2010-09-07 Thread Patrick Hunt
It is good to keep things simple, but we have seen some requests related to
the client api  for children use cases that seem reasonable. In particular
the issue of handling large numbers of children efficiently is currently a
problem (queue say). We've seen proposals on this before, just no one's
followed through with them. I personally think there's room for improvement,
perhaps the current client api is too simple:

https://issues.apache.org/jira/browse/ZOOKEEPER-423

Patrick

On Fri, Sep 3, 2010 at 11:18 PM, Mahadev Konar maha...@yahoo-inc.comwrote:

 Hi Todd,
  We have always tried to lean on the side of keeping things lightweight and
 the api simple. The only way you would be able to do this is with
 sequential
 creates.

 1. create nodes like /queueelement-$i where i is a monotonically increasing
 number. You could use the sequential flag of zookeeper to do this.

 2. when deleting a node, you would remove the node and create a deleted
 node
 on

 /deletedqueueelements/queuelement-$i

 2.1 on notification you would go to /deletedqueelements/ and find out which
 ones were deleted.

 The above only works if you are ok with monotonically unique queue
 elements.

 3. the above method allows the folks to see the deltas using
 deletedqueuelements, which can be garbage collected by some clean up
 process
 (you can be smarter abt this as well)

 Would something like this work?


 Thanks
 mahadev


 On 8/31/10 3:55 PM, Todd Nine t...@spidertracks.co.nz wrote:

  Hi Dave,
Thanks for the response.  I understand your point about missed events
  during a watch reset period.  I may be off, here is the functionality I
  was thinking.  I'm not sure if the ZK internal versioning process could
  possibly support something like this.
 
  1. A watch is placed on children
  2. The event is fired to the client.  The client receives the Stat
  object as part of the event for the current state of the node when the
  event was created.  We'll call this Stat A with version 1
  3. The client performs processing.  Meanwhile the node has several
  children changed. Versions are incremented to version 2 and version 3
  4. Client resets the watch
  5. A node is added
  6. The event is fired to the client.  Client receives Stat B with
  version 4
  7. Client calls performs a deltaChildren(Stat A, Stat B)
  8. zookeeper returns added nodes between stats, also returns deleted
  nodes between stats.
 
  This would handle the missed event problem since the client would have
  the 2 states it needs to compare.  It also allows clients dealing with
  large data sets to only deal with the delta over time (like a git
  replay).  Our number of queues could get quite large, and I'm concerned
  that keeping my previous event's children in a set to perform the delta
  may become quite memory and processor intensive  Would a feature like
  this be possible without over complicating the Zookeeper core?
 
 
  Thanks,
  Todd
 
  On Tue, 2010-08-31 at 09:23 -0400, Dave Wright wrote:
 
  Hi Todd -
  The general explanation for why Zookeeper doesn't pass the event
 information
  w/ the event notification is that an event notification is only
 triggered
  once, and thus may indicate multiple events.
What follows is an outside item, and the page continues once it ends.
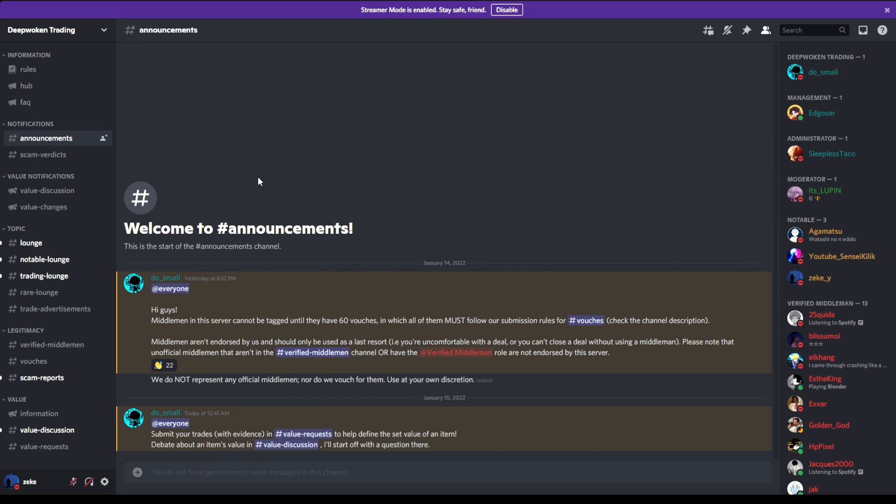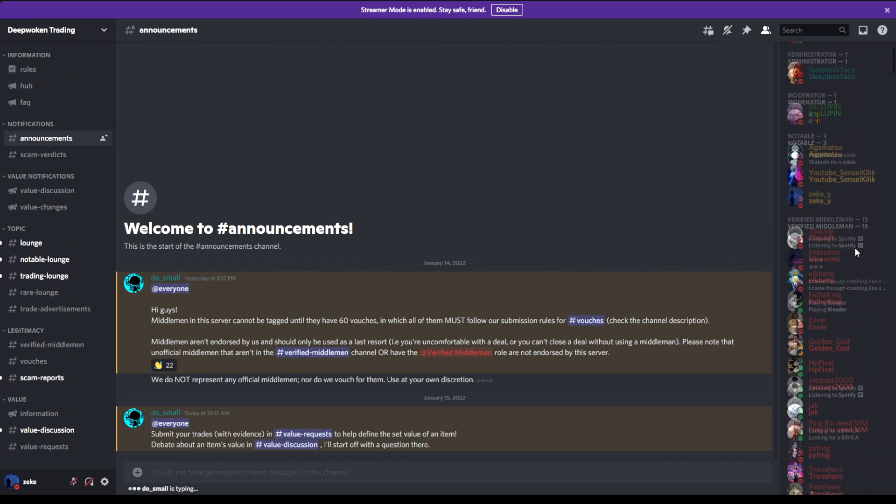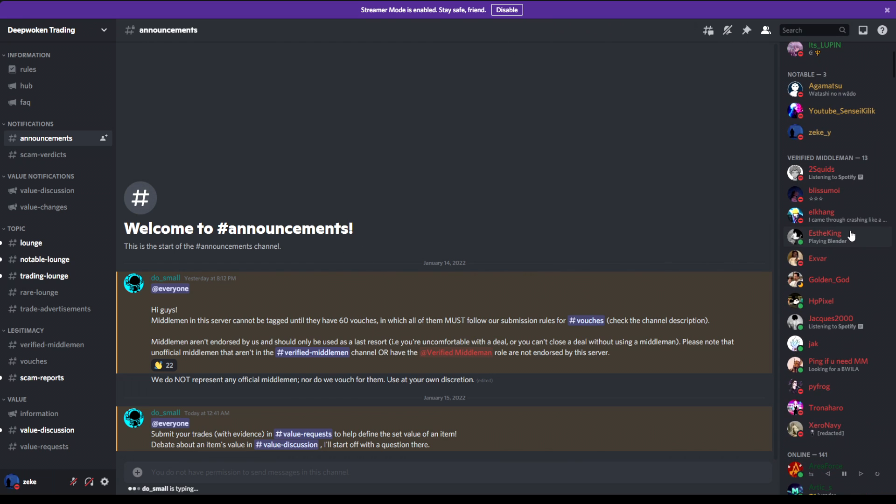All right, if you guys didn't know, deepwoken trading is a new Discord where you're able to trade to obviously other people on deepwoken with less risk of actually getting scammed. In this market, there's a middleman system implemented because I understand a lot of people have been scammed. So being scammed was obviously a big problem in the deepwoken market, but here you're able to actually have a bunch of trusted middlemen in this Discord server to oversee the trade.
For example, if you do a
  GetChildren and set a watch, then multiple children are added at about
 the
  same time, the first one triggers a notification, but the second (or
 later)
  ones do not. When you do another GetChildren() request to get the list
 and
  reset the watch, you'll see all the changed nodes, however if you had
 just
  been told about the first change in the notification you would have
 missed
  the others.
  To do what you are wanting, you would really need persistent watches
 that
  send notifications every time a change occurs and don't need to be reset
 so
  you can't miss events. That isn't the design that was chosen for
 Zookeeper
  and I don't think it's likely to be implemented.
 
  -Dave Wright
 
  On Tue, Aug 31, 2010 at 3:49 AM, Todd Nine t...@spidertracks.co.nz
 wrote:
 
  Hi all,
   I'm writing a distributed queue monitoring class for our leader node
 in
  the cluster.  We're queueing messages per input hardware device, this
 queue
  is then assigned to a node with the least load in our cluster.  To do
 this,
  I maintain 2 Persistent Znode with the following format.
 
  data queue
 
  /dataqueue/devices/unit id/data packet
 
  processing follower
 
  /dataqueue/nodes/node name/unit id
 
  The queue monitor watches for changes on the path of
 /dataqueue/devices.
   When the first packet from a unit is received, the queue writer will
  create
  the queue with the unit id.  This triggers the watch event on the
  monitoring
  class, which in turn creates the znode for the path with the least
 loaded
  node.  This path is watched for child node creation and the node
 creates a
  queue consumer to consume messages from the new queue.
 
 
  Our list of queues can become quite large, and I would prefer not to
  maintain a list 

Re: getting created child on NodeChildrenChanged event

2010-09-04 Thread Mahadev Konar
Hi Todd, 
  We have always tried to lean on the side of keeping things lightweight and
the api simple. The only way you would be able to do this is with sequential
creates.

1. create nodes like /queueelement-$i where i is a monotonically increasing
number. You could use the sequential flag of zookeeper to do this.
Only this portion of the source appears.